上篇讲完spark-shell，那么这篇就讲讲spark-submit吧，spark-shell其实在shell脚本中也是执行的spark-submit命令，指定--class参数为org.apache.spark.repl.Main

从spark-submit脚本中，可以看到，底层执行的是spark-class命令，SparkSubmit被当作主类传进去，exec命令的意思也是执行，用被执行的命令行替换掉当前的shell进程，且exec命令后的其他命令将不再执行

进入SparkSubmit类，查找主函数

override def main(args: Array[String]): Unit = {
  // Initialize logging if it hasn't been done yet.
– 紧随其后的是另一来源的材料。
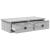 Raft de perete cu sertare Gri Sonoma 60x25x15 cm Lemn prelucrat GartenMobel Dekor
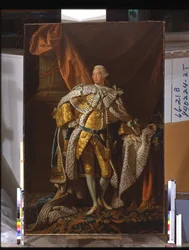 Król Jerzy III (olej na płótnie)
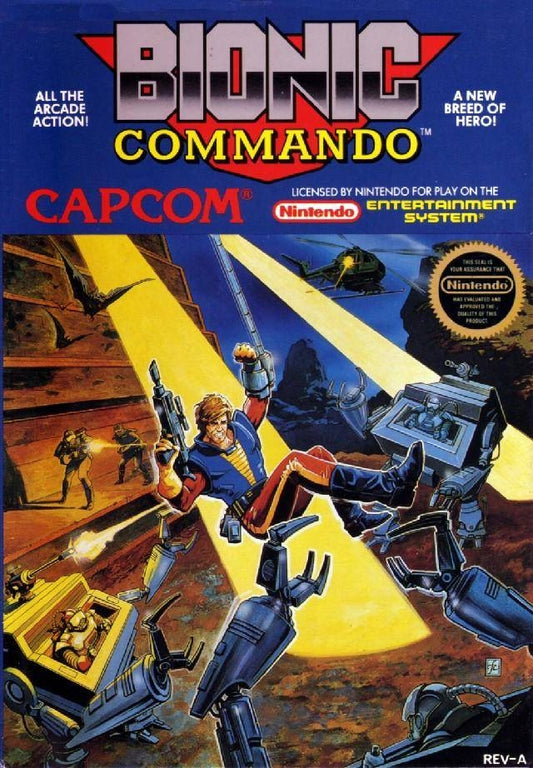 BIONIC COMMANDO  - NES (W/BOX)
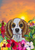 Cavalier King Charles Blenheim - Hippie Hound Studios Tropical Summer  House and Garden Flags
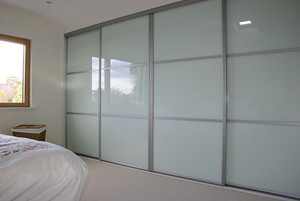 wardrobe-works Pic 3 - Softline Designer White Glass with Bars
Keep track of   whether logging needs to
  // be reset before the application starts.
  val uninitLog = initializeLogIfNecessary(true, silent = true)
  val appArgs = new SparkSubmitArguments(args)
  if (appArgs.verbose) {
    // scalastyle:off println
    printStream.println(appArgs)
    // scalastyle:on println
  }
  appArgs.action match {
    case SparkSubmitAction.SUBMIT => submit(appArgs, uninitLog)
    case SparkSubmitAction.KILL => kill(appArgs)
    case SparkSubmitAction.REQUEST_STATUS => requestStatus(appArgs)
  }
}
  

主函数中会创建SparkSubmitArguments对象，这个类主要的作用就是较验用户使用spark-submit提交的参数，最后封装到对象中，进入该类后，会执行parse(args.asJava)方法，解析spark-sumit后面跟着的参数，正则匹配参数中如果带有=并且是–开头的话，则会解析成key-value键值对，如果参数中没有=，则会进行关键字匹配，例如–driver-memory，代码中已经枚举了所有的关键key，循环较验参数，正则没匹配上的参数再进行循环匹配，如果正则全都没匹配上的话，时间复杂度就是O(n2)，这段代码是java写的，可能是多个开发者协同开发吧，个人感觉使用scala match匹配会更好些，内层循环中如果匹配上了关键词，则会将下一个参数也取进来当成value，如果没匹配上，则会执行handleUnknown方法，判断当前参数是否为提交的jar资源，如果是jar资源则跳出参数解析循环，剩下的参数被传递进入handleExtraArgs方法，最后当成用户提交的jar的main class参数

参数解析完后调用mergeDefaultSparkProperties合并重复的配置参数，接着执行ignoreNonSparkProperties忽略无效的配置参数，无效的参数主要就是非spark开头的参数，该类参数会被忽略掉，项目中如果使用conf配置自定义参数时可以避坑，接着加载参数给类中的属性赋值，action默认为submit，如果指定的话可以为kill，status，用了这么久的spark-submit，一直以为只有提交任务用，没想到还可以查看任务状态、kill任务。
if (mainClass == null && !isPython && !isR && primaryResource != null) {
  val uri = new URI(primaryResource)
  val uriScheme = uri.getScheme()
  uriScheme match {
    case "file" =>
      try {
        Utils.tryWithResource(new JarFile(uri.getPath)) { jar =>
          // Note that this might still return null if no main-class is set; we catch that later
          mainClass = jar.getManifest.getMainAttributes.getValue("Main-Class")
        }
      } catch {
        case _: Exception =>
          SparkSubmit.printErrorAndExit(s"Cannot load main class from JAR $primaryResource")
      }
    case _ =>
      SparkSubmit.printErrorAndExit(
        s"Cannot load main class from JAR $primaryResource with URI $uriScheme. " +
        "Please specify a class through --class.")
  }
}
提交的jar的主类参数如果不存在，则会从打包时pom生成的文件中获取指定的main class，最后还要执行validateArguments方法验证一遍参数。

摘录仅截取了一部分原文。